Letting go of resentment is a 3-legged stool:

1.  Practice forgiveness
You cannot control what other people do, but you can control how you react. When you practice truthful living, self-expression, and forgiveness, resentment simply has no place or power in your life.  The ability to wholly and truly forgive is one of the greatest gifts you can ever give yourself.

Forgiveness sets you free.  When you forgive, you stop letting your past dictate your present. When you embrace forgiveness, resentment ceases to exist.

2.  Express yourself

To deny your feelings is to deny truth. What kind of life are you living if it is not grounded in truth?

All emotions are good – meaningful – and are meant to be expressed.

When someone hurts you, you have a responsibility to express your pain.  You also need to take ownership for your side of the street that might have lead to some of your own hurt feelings.  It is your right to express that pain in an effective, healthy manner.

3.  Communicate with love
It takes strength and courage to express your pain to the people who hurt you.

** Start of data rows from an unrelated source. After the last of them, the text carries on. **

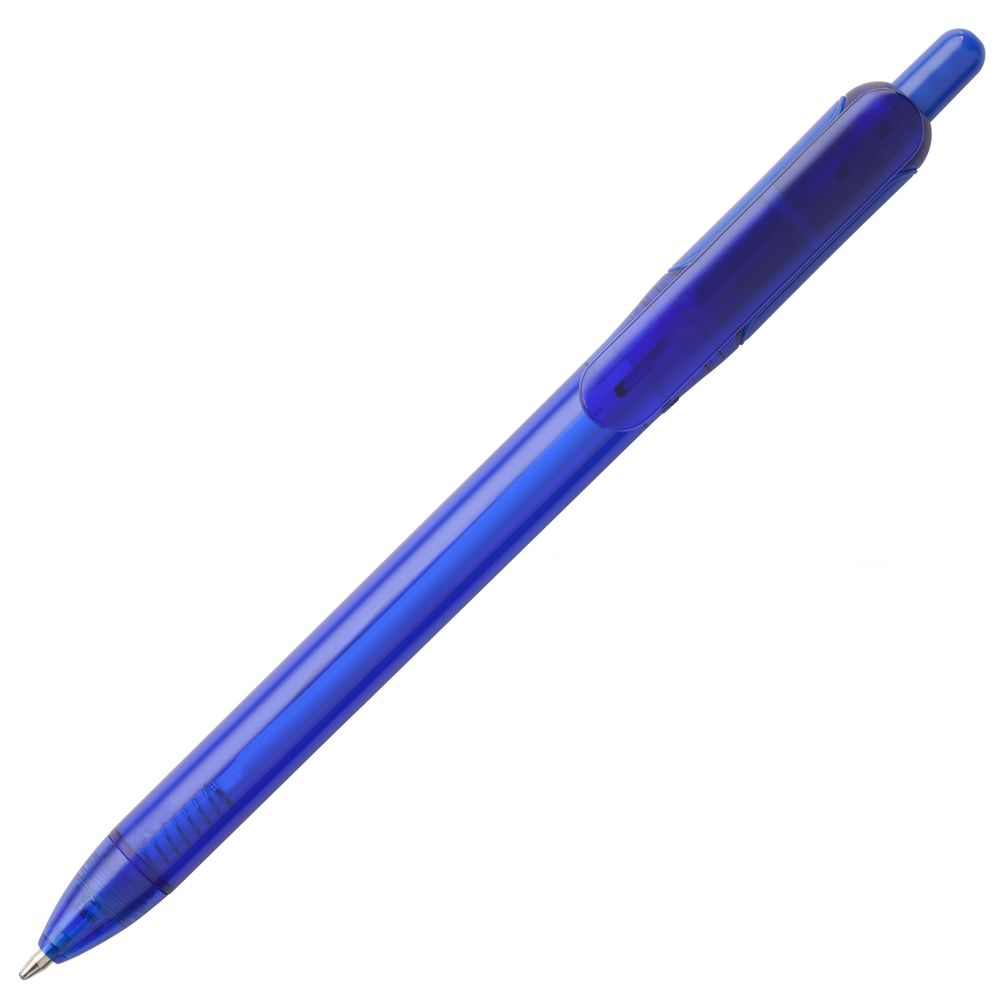 Пластиковая ручка под нанесение логотипа 12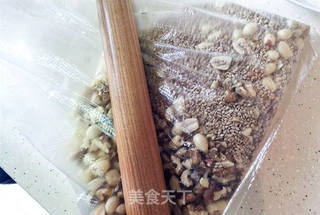 芝麻牛肉酱的做法步骤：3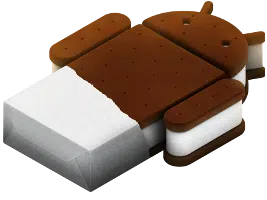 Android 4 Ice cream Sandwich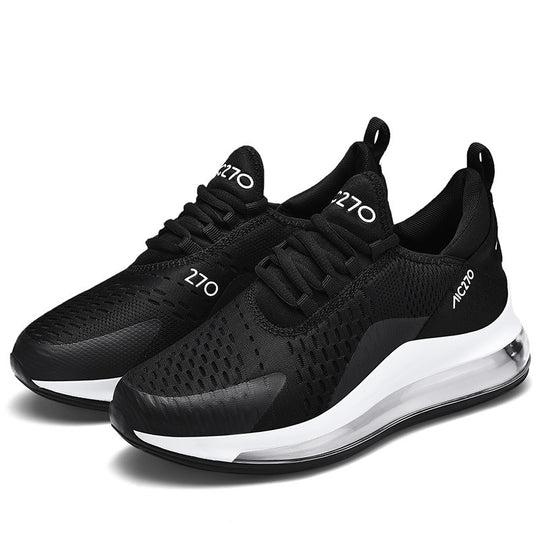 Damen Leichte und atmungsaktive Sportschuhe mit innovativem Dämpfungssystem EB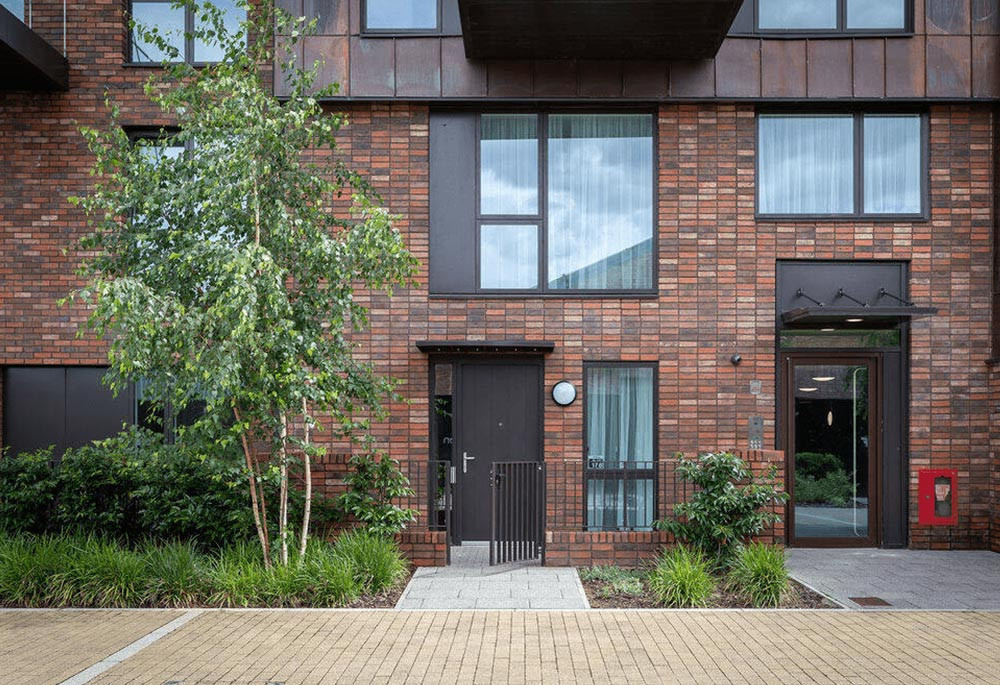 Exterior view of Legacy Wharf Image 5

In doing so, you expose your vulnerable side—the very part that you want to protect and keep safe.

The next time someone hurts you, try telling them how you feel. For example, “When you ignore me, I feel unappreciated.” Choose the right words and tone.

Set a boundary from a calm and balanced frame of mind without a shaming/blaming agenda. For example, “I won’t talk to you on the phone if you’ve had more than 2 drinks.”  That boundary is simple and straightforward.  Then, stick to it.

Your main motivation for expressing your feelings and setting healthy boundaries is to live life without resentment or regrets.

Where there’s less resentment — there’s more love.